Qui Mis(S)conosciute - Scrittrici tra parentesi ne fa un ritratto perfetto.
🌱 La parola
Victim blaming
La colpevolizzazione della vittima consiste nel ritenere la vittima di un crimine o di altre sventure parzialmente o interamente responsabile di ciò che le è accaduto.
Questo ribaltamento della realtà è doppiamente grave: travisa la rappresentazione collettiva dei fenomeni e, ancor più, riverbera sulla percezione della realtà della vittima inducendola ad autocolpevolizzarsi.
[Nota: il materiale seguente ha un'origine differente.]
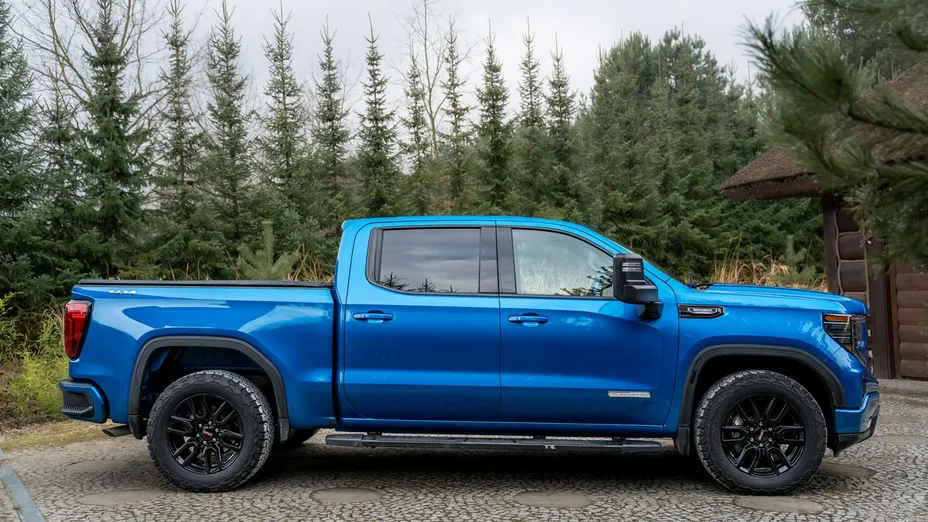 GMC Sierra -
Una delle sue funzioni, nell’attribuzione di colpa alla vittima, è una sorta di difesa, di rassicurazione sociale nel possibile esercizio di un controllo sugli eventi: se, ad esempio, la probabilità di subire una violenza sessuale è maggiore quando questa è associata a determinate caratteristiche della vittima, il non possedere quelle caratteristiche costituirebbe una sorta di riparo dal reato.
La Corte Europea dei Diritti dell’Uomo, il 27 maggio 2021, ha condannato pubblicamente l’Italia per i messaggi di vittimizzazione secondaria che sono contenuti all’interno di sentenze di Tribunale inerenti episodi di violenze sessuali, attraverso cui vengono veicolati pregiudizi sessisti sul ruolo femminile nel contesto italiano.
🍸 Coraggio liquido
Un elegante gin nella terra del Cognac. Rimaniamo in Francia, dove Jean-Sébastien Robicquet - da enologo a master distiller - era alla ricerca di ispirazione per dare vita a un gin “davvero nuovo”. E siccome si trova in Francia, attorno ai vigneti, l’idea è stata quella di raccogliere la fioritura delle uve (Fleurs de Vigne) per creare un gin decisamente innovativo. Nel 2002 nasce quello che oggi è il G’Vine Floraison: la botanica che lo caratterizza è il fiore di vigna, raccolto a giugno nei pochi giorni di fioritura. Sognare bevendo.
❤️ L’amore è una playlist
Ornellona mia insegnami tutto
💫 Autodiagnosi e cura
Autodiagnosi: terse consapevolezze, chirurgica lungimiranza, lessico forbito, scemenze sparse.
Cura: piccoli cerchi, dettagli curati, coccole precise.